Carole Vann
GENEVE, 09.06.05 - Le Niger s'enfonce depuis des mois dans la famine : 3.6 millions de morts en sursis, dont 800'000 enfants. Mais l'ONU crie dans le désert et ne récolte pas un centime. Or le rôle des médias est capital pour obtenir des sous.
"La famine au Niger ? J'ai vu passer un mail de l'ONU, mais... vous savez, on en reçoit tellement !" C'était, lundi, la réflexion de responsables de rubriques internationales dans les médias en Suisse. Pourtant, depuis plusieurs mois, un drame silencieux - un de plus - ravage ce pays africain. La Faucheuse est en train d'accomplir à la chaîne sa sinistre besogne. Et si personne ne bouge, elle emportera bientôt 3.6 millions d'âmes - dont 800'000 enfants. L'invasion des criquets pèlerins et la sécheresse ont dévasté pâturages et bétail. L'ONU crie à l'aide, elle a besoin de 16, 2 millions de dollars pour endiguer cette crise. Mais personne n'entend, les sous n'arrivent pas, et les affamés continuent de tomber sans bruit.
Le relais des médias est capital
"Le relais des médias est capital, explique Elisabeth Byrs, responsable de la communication du Bureau pour la coordination des affaires humanitaires (OCHA) à Genève. Ce sont eux qui font pression sur les bailleurs de fonds." Or le message ne passe pas dans les rédactions.
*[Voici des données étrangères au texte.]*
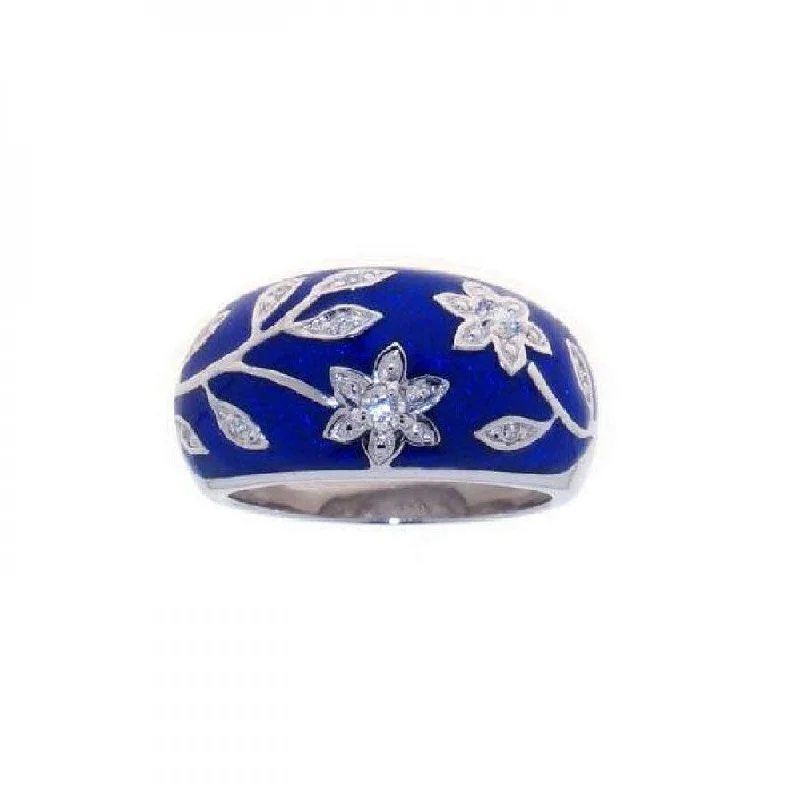 ladies ring cyber monday-Silver 925 Rhodium Plated Blue Enamel CZ Flower Ring - STR00607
Pourquoi ? Les dépêches des agences tombent pourtant. Des communiqués de Swissaid, puis de l'EPER (Entraide protestante) - présentes sur place - sont aussi partis. Mais jusqu'à mardi, pas une ligne dans les journaux, pas un mot à la radio, pas une image à la télé. "Sans images, nous ne pouvons rien faire, explique Hubert Gay-Couttet, responsable de la rubrique internationale du TJ à la TSR. L'Afrique est mal couverte souvent à cause du manque d'infrastructures." En plus, il n'y pas de production propre sur place.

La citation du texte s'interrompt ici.